Here, \(m_\text{rod}\) is the mass of the rod, and \(L\) is its length. This formula tells us that the ease with which the rod rotates is proportional to both its mass and the square of its length.

In the original exercise, the rod's moment of inertia was given as \(3.00 \times 10^{-3}\, \text{kg} \cdot \text{m}^2\). We used this information to solve for the rod's mass \(m_\text{rod}\) using moment of inertia and leveraging the known length of the rod.

Angular Velocity

Angular velocity depicts how fast something is spinning around an axis and is measured in radians per second (rad/s). If you picture a merry-go-round, the angular velocity tells you how quickly it's turning. In the given problem, the initial angular velocity of the rod is.

• \(\omega_0 = 0.400 \, \text{rad/s}\)

When the bug moves to the rod's end, it affects the system's angular velocity due to conservation of angular momentum. The final angular velocity \(\omega_f\) can be found using the relation between tangential speed \(v_t\) of the bug and the radius \(R\) of the rod:

• \[ \omega_f = \frac{v_t}{R} \]

Substituting \(v_t = 0.160 \, \text{m/s}\) and \(R = 0.500\, \text{m}\), we determined that \(\omega_f = 0.320 \, \text{rad/s}\). Understanding angular velocity helps to realize how motion changes, especially when external conditions like mass distribution change as with the movement of the bug.

Rotational Motion

Rotational motion was demonstrated through the rod moving in a circle around the stationary axis at one end.
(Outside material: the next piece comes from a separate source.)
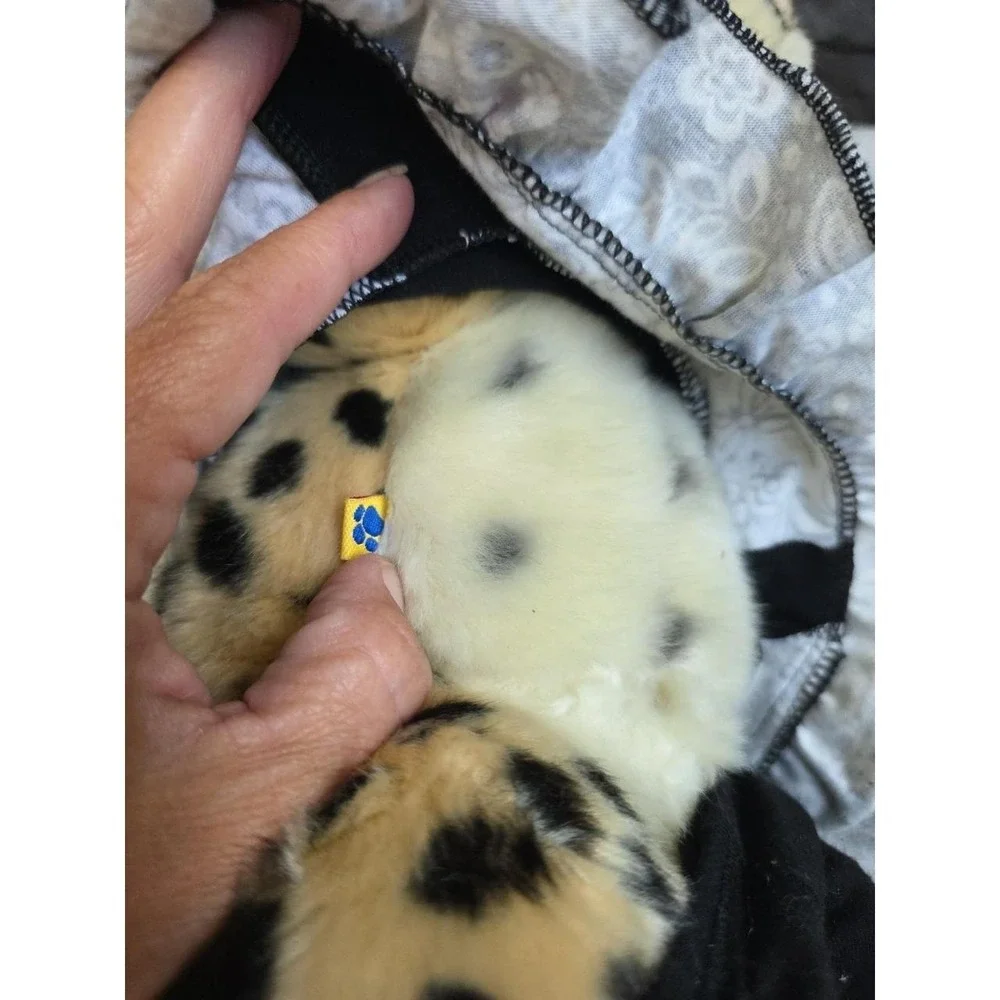 N/A build bear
Here, Conservation of Angular Momentum is a key principle which states that in the absence of external torque, the total angular momentum of a system remains constant. This principle is represented by the equation:

• \(L_i = L_f\)

Let's break this down:

• The initial angular momentum \(L_i\) is based only on the rod: \[L_i = I_\text{rod} \cdot \omega_0\]
• The final angular momentum \(L_f\) involves both the rod and the bug: \[L_f = I_f \cdot \omega_f\]

As the bug crawls to the end of the rod, it changes the distribution of mass and thereby the total moment of inertia \(I_f\). This change affects the entire system's angular velocity. By using the formula for angular momentum and solving equations that include these variables, we can understand the intricate dance of rotational motion. This same principle helps solve the mass of the bug and the rod within the context of this rotating system.